-- TASK PROMPT --
Reproduce the records below exactly as shown.

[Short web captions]
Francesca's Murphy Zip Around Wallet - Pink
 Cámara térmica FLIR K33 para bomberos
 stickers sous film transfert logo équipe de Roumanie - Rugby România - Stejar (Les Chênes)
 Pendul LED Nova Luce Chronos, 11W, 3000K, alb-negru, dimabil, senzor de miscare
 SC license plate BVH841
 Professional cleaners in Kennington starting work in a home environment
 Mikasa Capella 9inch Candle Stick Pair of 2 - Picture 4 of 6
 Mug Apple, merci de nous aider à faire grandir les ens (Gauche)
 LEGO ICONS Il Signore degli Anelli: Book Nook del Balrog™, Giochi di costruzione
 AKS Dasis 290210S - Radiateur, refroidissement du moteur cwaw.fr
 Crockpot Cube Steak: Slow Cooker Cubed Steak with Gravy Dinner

-- REPLY --
Francesca's Murphy Zip Around Wallet - Pink
 Cámara térmica FLIR K33 para bomberos
 stickers sous film transfert logo équipe de Roumanie - Rugby România - Stejar (Les Chênes)
 Pendul LED Nova Luce Chronos, 11W, 3000K, alb-negru, dimabil, senzor de miscare
 SC license plate BVH841
 Professional cleaners in Kennington starting work in a home environment
 Mikasa Capella 9inch Candle Stick Pair of 2 - Picture 4 of 6
 Mug Apple, merci de nous aider à faire grandir les ens (Gauche)
 LEGO ICONS Il Signore degli Anelli: Book Nook del Balrog™, Giochi di costruzione
 AKS Dasis 290210S - Radiateur, refroidissement du moteur cwaw.fr
 Crockpot Cube Steak: Slow Cooker Cubed Steak with Gravy Dinner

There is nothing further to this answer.